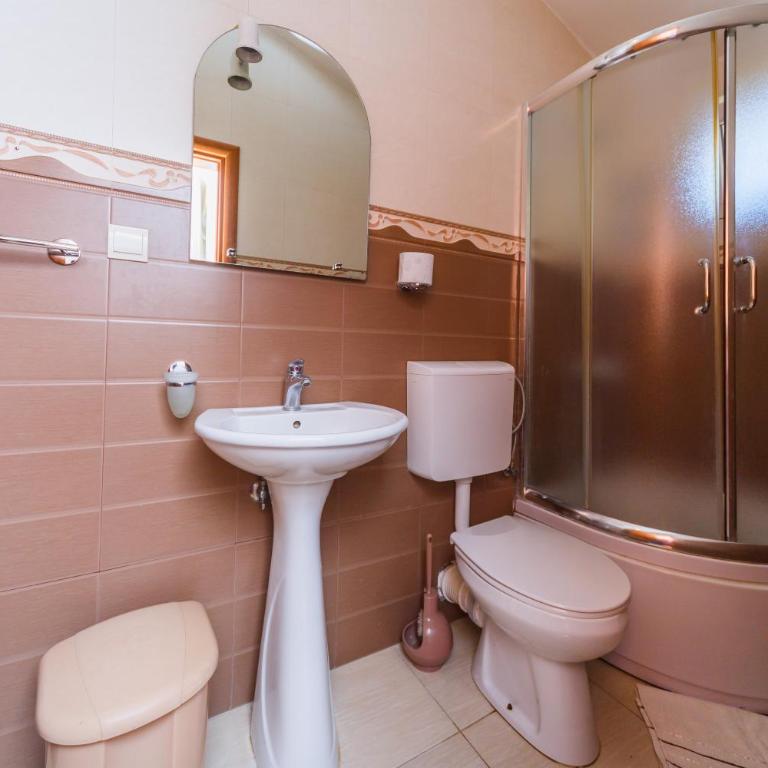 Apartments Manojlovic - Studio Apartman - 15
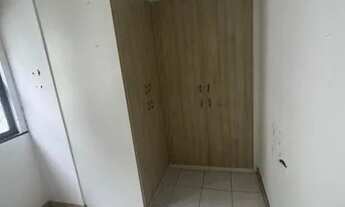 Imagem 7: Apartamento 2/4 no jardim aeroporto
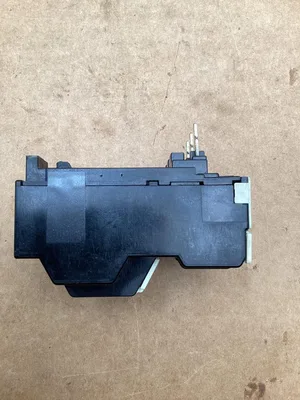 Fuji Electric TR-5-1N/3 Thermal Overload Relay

* **Action item**
Every line of the listing above is to be repeated exactly, with its pictures left out.

* **Result of the exercise**
 Apartments Manojlovic - Studio Apartman - 15
 Imagem 7: Apartamento 2/4 no jardim aeroporto
 Fuji Electric TR-5-1N/3 Thermal Overload Relay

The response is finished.